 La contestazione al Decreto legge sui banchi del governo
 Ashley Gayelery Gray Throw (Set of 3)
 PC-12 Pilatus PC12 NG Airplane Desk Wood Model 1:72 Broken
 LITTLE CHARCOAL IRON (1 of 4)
==
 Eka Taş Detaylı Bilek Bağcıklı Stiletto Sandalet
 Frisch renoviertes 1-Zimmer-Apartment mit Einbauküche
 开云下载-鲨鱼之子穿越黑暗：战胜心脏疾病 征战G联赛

Problem: Please give an exact copy of the lines above, beginning with the line containing "Eka Taş Detaylı" and running through the line containing "开云下载-鲨鱼之子穿越黑暗：战胜心脏疾病 征战G联赛", and of no other lines.

Solved exercise:
 Eka Taş Detaylı Bilek Bağcıklı Stiletto Sandalet
 Frisch renoviertes 1-Zimmer-Apartment mit Einbauküche
 开云下载-鲨鱼之子穿越黑暗：战胜心脏疾病 征战G联赛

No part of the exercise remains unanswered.